The caster is the angle created by the steerings pivot point from the front to back of the vehicle. If the angle is forward, then the caster is positive, but if the angle is backward. the caster is negative. A positive caster will ensure that the vehicle will be more stable at a higher mph. Caster angles are different depending on the vehicle, so the manufacturer can achieve the correct balance of steering effort, high speed stability and front end cornering.
The camber is similar to the castor, in terms of angles. The camber is the angle that tells how far away the tires tilt when looking at them from directly in fthe front or back of the vehicle. If the top of the tires tilt towards the center of the vehicle, the camber is negative. On the other hand, when the top of the tires tilt away from the center, the camber is positive.
The toe is the suspension angle, which measures the exact direction the tires are pointed compared to the center of the vehicle when viewed from directly above. Positive toe, or toe in, refers to the front of the wheel pointing in, whereas negative toe, or toe out, is the front of the wheel pointing away from the center. In production automobiles, toe is always adjustable, even though caster angle and camber angle are often not adjustable. Toe can also be used to adjust the vehicle's handling.
In an alignment, the toe is one of the most highly important settings for the vehicle. It relates to tire wear, and a toe that is not on the correct setting can greatly affect the tire wear. For example, the smallest misadjustment in the toe setting, such as 1/16-inch off, each tire on that axle can scrub almost seven feet sideways for every mile it drives. So, correct toe adjustment is vital in ensuring tire life and handling.
The thrust angle is an imaginary line drawn perpendicular to the rear axle's centerline. It compares whether the rear axle is lined up with the centerline of the vehicle. It can also if the rear axle is parallel to the front axle and ensures that the wheelbase on both sides of the vehicle are identical.
The preferred angles for camber, caster and toe depend on the vehicle's manufacturer's alignment specifications. However, the correct thrust angle is always zero. The manufacturers also provide the correct minimum and maximum angles for these specifications. The minimum and maximum camber and caster specifications typically result in a range that remains within plus or minus 1-degree of the preferred angle.

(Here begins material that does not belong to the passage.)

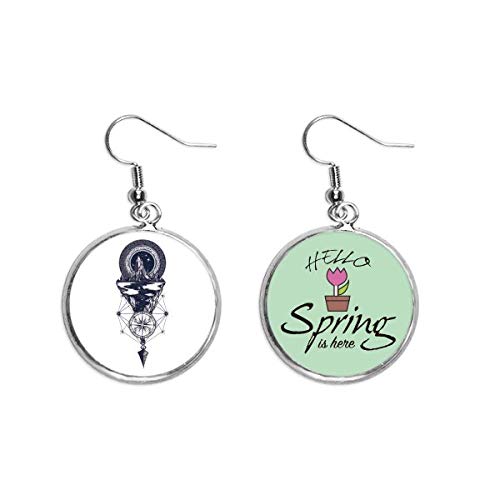 Pendientes de primavera Iceberg Compass antiirritación | Joyas ligeras con colgante de estrellas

Tires are made with treads which give your vehicle traction. The traction is what helps keep your car on the road in all types of weather such as snow and rain. When driving on roads during inclement weather, the grooves in between the tread blocks of the tire divert everything away from the tires, which allows the tires to maintain their traction in adverse weather conditions. If tires did not have any tread, the elements, such as snow, rain and slush, would lift your tires off the road. This is why it is very important for your safety and the longevity of your car to routinely check the tread of your tires and get them replaced when necessary.

Checking for your tire's tread depth is a simple task that you can do yourself. The standard test to check for tread depth is the penny test. It is an easy test to do and is very accurate. To do this, simply use a penny, and put it between the tread blocks of the tire with Lincoln's head upside down. If you are not able to see the top of Lincoln's head, then that is a good sign, meaning you still have more than 2/32" of the tread remaining and they are still safe to drive on. If you can see the top of Lincoln's head, then that means that the tread is worn down and it is time to shop for new tires to ensure safe driving.
The penny test is accurate and has been used for ages, but there are other factors to keep in mind. The standard car tire has about twenty square inches of total footprint surface touching the road, with about 1/3" of tread depth with new tires. Most of this so called "footprint" is composed of rubber which grips the road, but the rest is the space of the grooves that create the tread design. The performance of both the actual rubber of the tires and the grooves affect tread wear. Similar vehicles with different tread depths will yield different results when breaking. The vehicle with a tread depth of 4/32" will stop about 100 feet sooner than the vehicle with 2/32" tread depth. That is a big difference, and on slippery roads, that difference can be even greater.
Another factor is how well tread depth contributes to the design of the tire so that it performs at its best. Liquid is more dense than the air that fills the tires, so going about 65 MPH allows for the air to be compressed and easily moved out of the way. However, with liquids, it is not as easy. In poor weather conditions, such as a rainstorm, when water collects on the road, many factors come into play, including depth of the water on the road, speed of the vehicle, vehicle weight and tread design on the tires, and these factors determine whether your vehicle will hydroplane and in response, how quickly the vehicle can be stopped.
Traction is what keeps the car on the road, and traction between tires and the road is the largest factor in the driver's ability to keep control of the vehicle.
Most new tires have indicator bars built in that measure tread wear. The bars are nearly invisible when the tires are brand new, and as the tread gradually wears down, the bars become more apparent. They are flat rubber bars, perpendicular to the tread. If more than one is visible, then the tread is low, and you should consider getting your tires rotated or replaced.
Completing the penny test is a good way to check whether your tires are worn, but there are other important things to keep in mind as well. Tread design and traction play huge roles in safe driving and tire life.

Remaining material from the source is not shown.